Records from a collection:
- Opening Delimiter -
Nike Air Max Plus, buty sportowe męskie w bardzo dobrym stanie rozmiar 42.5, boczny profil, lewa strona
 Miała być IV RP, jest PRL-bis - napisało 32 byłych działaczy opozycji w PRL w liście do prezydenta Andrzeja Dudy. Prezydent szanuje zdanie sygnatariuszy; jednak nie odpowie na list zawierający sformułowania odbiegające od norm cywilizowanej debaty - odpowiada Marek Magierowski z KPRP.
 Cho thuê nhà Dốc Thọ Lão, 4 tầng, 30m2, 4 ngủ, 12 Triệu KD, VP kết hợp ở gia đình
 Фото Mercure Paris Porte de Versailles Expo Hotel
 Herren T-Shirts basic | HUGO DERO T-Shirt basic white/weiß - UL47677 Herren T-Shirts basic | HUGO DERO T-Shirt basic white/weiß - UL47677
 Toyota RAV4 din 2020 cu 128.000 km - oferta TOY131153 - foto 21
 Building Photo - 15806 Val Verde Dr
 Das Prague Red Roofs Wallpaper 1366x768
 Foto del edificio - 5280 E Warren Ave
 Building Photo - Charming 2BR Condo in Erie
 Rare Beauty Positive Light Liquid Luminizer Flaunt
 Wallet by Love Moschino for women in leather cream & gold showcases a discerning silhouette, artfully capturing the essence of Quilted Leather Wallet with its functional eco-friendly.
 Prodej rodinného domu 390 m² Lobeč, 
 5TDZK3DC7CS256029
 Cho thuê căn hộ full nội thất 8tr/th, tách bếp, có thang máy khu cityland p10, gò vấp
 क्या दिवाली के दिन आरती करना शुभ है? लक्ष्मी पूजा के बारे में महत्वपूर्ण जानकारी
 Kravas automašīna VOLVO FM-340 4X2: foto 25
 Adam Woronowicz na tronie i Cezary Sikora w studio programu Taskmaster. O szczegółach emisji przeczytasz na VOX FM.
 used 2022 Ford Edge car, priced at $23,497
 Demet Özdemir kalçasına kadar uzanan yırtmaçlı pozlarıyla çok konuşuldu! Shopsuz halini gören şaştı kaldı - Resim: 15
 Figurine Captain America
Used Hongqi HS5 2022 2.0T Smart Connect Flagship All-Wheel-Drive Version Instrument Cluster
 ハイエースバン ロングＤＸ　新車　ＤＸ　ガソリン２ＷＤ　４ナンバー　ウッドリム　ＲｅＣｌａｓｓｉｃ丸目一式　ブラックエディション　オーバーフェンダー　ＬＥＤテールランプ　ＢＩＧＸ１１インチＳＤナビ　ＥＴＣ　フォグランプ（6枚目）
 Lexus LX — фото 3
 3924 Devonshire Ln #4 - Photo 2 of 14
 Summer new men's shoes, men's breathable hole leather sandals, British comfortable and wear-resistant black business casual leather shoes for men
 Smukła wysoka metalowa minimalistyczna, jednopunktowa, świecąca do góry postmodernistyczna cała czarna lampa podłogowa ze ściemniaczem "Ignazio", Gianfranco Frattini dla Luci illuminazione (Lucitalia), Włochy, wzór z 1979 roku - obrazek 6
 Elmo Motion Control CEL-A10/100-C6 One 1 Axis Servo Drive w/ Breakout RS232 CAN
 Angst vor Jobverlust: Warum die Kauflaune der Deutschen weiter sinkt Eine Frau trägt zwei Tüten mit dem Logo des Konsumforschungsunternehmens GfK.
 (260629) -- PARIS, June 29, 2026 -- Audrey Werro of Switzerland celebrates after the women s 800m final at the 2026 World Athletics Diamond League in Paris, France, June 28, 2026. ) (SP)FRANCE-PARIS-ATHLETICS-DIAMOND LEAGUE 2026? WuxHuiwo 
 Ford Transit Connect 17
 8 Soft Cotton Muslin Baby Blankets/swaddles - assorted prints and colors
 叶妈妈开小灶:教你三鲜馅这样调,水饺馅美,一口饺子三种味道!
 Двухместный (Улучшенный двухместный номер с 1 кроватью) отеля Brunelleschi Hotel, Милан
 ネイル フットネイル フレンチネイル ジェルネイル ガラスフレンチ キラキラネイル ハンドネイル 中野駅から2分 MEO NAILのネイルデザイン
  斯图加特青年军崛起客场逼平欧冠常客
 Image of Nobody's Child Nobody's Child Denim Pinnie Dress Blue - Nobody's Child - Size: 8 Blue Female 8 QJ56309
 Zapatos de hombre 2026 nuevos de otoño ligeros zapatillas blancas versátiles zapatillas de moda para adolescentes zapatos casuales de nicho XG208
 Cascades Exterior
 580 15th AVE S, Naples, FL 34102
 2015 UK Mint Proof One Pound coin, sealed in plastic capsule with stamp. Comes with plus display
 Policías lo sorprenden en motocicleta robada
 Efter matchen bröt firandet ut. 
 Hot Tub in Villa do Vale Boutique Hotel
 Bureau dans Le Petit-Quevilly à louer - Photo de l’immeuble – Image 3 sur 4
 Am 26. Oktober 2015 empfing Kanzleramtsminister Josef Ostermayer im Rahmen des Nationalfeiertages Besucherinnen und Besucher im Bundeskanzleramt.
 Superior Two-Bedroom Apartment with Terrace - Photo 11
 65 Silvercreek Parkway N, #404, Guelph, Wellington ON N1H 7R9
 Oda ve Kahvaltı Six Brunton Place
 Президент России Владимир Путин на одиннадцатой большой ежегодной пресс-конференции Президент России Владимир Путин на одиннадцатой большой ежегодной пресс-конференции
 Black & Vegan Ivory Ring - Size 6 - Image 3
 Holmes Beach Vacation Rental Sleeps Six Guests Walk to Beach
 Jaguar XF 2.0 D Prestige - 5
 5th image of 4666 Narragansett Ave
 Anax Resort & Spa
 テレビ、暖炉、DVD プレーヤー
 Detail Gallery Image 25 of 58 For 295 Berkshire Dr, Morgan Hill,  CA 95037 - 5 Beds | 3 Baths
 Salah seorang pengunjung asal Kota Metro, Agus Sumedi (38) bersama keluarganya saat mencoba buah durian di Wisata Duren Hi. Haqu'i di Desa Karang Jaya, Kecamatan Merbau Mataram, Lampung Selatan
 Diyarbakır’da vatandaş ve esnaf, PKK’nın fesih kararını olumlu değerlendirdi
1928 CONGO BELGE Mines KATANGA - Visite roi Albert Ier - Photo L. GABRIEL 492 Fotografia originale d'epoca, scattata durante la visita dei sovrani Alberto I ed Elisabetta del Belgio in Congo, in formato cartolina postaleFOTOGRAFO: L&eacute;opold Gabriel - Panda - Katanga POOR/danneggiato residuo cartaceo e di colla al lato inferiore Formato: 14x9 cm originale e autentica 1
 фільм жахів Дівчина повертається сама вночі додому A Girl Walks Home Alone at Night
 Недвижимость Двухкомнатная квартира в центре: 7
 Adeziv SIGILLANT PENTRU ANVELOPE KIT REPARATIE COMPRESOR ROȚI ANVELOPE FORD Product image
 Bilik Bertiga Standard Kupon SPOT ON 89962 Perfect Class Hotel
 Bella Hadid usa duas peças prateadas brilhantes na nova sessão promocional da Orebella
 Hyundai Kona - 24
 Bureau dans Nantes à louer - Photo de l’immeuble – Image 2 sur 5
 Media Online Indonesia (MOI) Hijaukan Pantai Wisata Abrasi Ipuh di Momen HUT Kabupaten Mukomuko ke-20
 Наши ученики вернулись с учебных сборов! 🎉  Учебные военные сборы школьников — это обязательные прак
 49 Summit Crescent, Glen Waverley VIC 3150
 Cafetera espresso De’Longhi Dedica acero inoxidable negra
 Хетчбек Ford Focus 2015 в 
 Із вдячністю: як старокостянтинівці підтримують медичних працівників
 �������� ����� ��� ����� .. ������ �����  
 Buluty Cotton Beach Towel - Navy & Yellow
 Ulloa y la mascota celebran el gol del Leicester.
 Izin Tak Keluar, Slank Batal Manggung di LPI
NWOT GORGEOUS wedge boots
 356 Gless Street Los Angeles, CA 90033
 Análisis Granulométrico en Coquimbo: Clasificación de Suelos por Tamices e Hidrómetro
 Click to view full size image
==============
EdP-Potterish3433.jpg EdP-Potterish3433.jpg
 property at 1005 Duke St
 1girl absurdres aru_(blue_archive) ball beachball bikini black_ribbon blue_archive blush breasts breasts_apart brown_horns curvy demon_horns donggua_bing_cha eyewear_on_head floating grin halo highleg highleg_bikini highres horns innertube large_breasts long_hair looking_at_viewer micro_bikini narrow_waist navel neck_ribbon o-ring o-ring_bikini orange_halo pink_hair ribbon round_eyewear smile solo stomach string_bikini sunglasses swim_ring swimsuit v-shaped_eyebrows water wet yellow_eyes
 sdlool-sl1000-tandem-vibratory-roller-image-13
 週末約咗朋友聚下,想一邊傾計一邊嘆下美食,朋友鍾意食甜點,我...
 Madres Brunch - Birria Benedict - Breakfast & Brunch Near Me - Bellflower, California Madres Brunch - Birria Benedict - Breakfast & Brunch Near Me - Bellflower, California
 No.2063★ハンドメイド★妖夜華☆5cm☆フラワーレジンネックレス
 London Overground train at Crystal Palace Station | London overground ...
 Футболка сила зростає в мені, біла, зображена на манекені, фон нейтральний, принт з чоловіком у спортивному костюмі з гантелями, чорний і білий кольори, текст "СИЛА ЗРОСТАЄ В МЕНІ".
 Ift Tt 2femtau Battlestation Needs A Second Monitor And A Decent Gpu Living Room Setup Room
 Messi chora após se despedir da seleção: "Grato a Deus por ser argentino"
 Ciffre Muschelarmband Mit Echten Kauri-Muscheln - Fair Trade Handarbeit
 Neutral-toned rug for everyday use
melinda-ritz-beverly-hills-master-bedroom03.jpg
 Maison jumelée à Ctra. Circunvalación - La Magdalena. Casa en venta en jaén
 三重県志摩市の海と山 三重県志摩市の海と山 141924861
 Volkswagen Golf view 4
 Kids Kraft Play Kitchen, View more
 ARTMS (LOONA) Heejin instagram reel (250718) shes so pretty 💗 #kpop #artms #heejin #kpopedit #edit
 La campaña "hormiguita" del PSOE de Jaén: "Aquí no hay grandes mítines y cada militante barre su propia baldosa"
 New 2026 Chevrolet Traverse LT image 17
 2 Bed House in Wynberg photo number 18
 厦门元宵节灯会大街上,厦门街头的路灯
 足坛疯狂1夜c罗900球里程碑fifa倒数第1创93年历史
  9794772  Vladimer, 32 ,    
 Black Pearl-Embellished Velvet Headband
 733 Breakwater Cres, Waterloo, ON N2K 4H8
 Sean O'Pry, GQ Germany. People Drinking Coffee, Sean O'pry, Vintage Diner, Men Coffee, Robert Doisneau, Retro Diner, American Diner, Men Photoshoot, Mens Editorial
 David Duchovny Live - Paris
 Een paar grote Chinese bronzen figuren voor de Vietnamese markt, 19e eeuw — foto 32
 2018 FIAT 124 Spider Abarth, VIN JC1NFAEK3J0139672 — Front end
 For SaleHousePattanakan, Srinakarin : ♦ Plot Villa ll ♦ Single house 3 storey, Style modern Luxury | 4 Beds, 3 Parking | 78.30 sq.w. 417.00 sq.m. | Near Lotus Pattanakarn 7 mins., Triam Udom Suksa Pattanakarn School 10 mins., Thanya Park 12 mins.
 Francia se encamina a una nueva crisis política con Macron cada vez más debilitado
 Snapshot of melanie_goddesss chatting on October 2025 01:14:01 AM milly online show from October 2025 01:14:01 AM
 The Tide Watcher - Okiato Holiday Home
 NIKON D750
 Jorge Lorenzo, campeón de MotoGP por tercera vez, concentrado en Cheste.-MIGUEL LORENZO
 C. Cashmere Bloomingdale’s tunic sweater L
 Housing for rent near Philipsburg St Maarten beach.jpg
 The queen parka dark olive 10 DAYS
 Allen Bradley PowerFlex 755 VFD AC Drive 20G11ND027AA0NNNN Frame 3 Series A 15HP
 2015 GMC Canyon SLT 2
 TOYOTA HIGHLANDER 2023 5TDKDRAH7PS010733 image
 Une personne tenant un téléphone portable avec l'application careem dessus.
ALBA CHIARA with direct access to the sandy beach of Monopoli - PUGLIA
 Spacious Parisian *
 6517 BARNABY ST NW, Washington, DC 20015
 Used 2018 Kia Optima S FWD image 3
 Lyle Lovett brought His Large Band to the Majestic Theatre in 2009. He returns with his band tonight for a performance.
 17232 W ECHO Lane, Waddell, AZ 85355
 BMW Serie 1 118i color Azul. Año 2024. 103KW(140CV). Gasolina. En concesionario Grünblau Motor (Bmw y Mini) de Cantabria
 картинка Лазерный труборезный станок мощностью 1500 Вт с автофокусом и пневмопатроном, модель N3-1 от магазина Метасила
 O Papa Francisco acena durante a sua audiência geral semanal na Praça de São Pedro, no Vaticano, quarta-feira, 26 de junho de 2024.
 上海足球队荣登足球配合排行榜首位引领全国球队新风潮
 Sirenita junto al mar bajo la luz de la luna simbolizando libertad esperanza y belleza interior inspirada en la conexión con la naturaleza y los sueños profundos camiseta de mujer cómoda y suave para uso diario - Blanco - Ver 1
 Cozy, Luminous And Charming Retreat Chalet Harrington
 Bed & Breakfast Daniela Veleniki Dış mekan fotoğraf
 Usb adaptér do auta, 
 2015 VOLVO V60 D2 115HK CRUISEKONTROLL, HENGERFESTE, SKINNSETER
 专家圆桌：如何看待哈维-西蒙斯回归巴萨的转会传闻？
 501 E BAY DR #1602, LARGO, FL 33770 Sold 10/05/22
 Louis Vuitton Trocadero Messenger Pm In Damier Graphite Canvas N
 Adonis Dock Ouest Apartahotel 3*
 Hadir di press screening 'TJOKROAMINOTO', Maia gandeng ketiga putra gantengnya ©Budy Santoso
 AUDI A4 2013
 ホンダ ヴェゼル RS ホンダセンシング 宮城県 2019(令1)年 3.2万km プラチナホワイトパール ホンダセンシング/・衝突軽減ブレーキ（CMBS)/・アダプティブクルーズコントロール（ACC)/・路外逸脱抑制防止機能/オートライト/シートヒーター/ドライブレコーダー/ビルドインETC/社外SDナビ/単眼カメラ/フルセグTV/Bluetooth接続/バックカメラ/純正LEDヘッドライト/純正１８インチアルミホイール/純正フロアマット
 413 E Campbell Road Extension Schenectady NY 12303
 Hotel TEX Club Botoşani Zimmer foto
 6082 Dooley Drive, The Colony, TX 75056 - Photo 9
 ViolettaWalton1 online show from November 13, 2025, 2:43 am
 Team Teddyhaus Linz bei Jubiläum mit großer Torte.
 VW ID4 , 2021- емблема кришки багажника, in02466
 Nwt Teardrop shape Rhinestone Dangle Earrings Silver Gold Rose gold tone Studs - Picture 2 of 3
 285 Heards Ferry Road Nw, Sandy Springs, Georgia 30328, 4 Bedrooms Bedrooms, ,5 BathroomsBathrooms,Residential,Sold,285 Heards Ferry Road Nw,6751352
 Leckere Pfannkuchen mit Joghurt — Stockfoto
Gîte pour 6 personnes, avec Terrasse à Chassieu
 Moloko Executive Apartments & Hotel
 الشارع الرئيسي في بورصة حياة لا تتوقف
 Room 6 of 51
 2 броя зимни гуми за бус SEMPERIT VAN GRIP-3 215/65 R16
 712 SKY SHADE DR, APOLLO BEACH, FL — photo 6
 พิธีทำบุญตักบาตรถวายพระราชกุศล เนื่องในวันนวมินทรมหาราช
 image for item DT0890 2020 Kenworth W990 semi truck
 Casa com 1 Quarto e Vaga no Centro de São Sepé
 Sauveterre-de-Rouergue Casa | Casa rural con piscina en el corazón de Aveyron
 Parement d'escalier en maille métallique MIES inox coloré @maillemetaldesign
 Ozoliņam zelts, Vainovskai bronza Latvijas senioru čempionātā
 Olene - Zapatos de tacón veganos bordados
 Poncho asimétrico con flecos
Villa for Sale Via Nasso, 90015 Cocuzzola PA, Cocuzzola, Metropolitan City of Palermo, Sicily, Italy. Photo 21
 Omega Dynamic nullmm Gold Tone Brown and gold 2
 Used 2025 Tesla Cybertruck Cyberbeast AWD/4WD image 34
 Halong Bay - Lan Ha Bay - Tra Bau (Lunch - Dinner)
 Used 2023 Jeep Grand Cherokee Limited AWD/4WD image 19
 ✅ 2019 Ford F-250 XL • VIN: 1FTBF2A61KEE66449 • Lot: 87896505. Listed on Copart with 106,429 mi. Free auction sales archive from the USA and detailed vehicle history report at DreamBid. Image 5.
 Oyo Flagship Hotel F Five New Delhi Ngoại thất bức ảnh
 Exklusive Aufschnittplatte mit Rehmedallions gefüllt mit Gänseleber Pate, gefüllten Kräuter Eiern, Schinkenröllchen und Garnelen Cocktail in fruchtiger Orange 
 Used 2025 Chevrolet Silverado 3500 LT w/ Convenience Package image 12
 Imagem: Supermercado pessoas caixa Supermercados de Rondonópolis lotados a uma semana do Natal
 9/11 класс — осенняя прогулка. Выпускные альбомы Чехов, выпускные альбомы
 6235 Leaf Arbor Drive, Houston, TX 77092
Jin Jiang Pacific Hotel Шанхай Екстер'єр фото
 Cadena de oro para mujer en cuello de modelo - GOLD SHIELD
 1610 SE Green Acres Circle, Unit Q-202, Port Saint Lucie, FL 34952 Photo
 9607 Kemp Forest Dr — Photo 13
- Closing Delimiter -
Here the output must be the lines above from the line with "Cho thuê nhà" to the line with "Kravas automašīna VOLVO FM-340 4X2: foto 25", both included, duplicated word for word and nothing else.

 Cho thuê nhà Dốc Thọ Lão, 4 tầng, 30m2, 4 ngủ, 12 Triệu KD, VP kết hợp ở gia đình
 Фото Mercure Paris Porte de Versailles Expo Hotel
 Herren T-Shirts basic | HUGO DERO T-Shirt basic white/weiß - UL47677 Herren T-Shirts basic | HUGO DERO T-Shirt basic white/weiß - UL47677
 Toyota RAV4 din 2020 cu 128.000 km - oferta TOY131153 - foto 21
 Building Photo - 15806 Val Verde Dr
 Das Prague Red Roofs Wallpaper 1366x768
 Foto del edificio - 5280 E Warren Ave
 Building Photo - Charming 2BR Condo in Erie
 Rare Beauty Positive Light Liquid Luminizer Flaunt
 Wallet by Love Moschino for women in leather cream & gold showcases a discerning silhouette, artfully capturing the essence of Quilted Leather Wallet with its functional eco-friendly.
 Prodej rodinného domu 390 m² Lobeč, 
 5TDZK3DC7CS256029
 Cho thuê căn hộ full nội thất 8tr/th, tách bếp, có thang máy khu cityland p10, gò vấp
 क्या दिवाली के दिन आरती करना शुभ है? लक्ष्मी पूजा के बारे में महत्वपूर्ण जानकारी
 Kravas automašīna VOLVO FM-340 4X2: foto 25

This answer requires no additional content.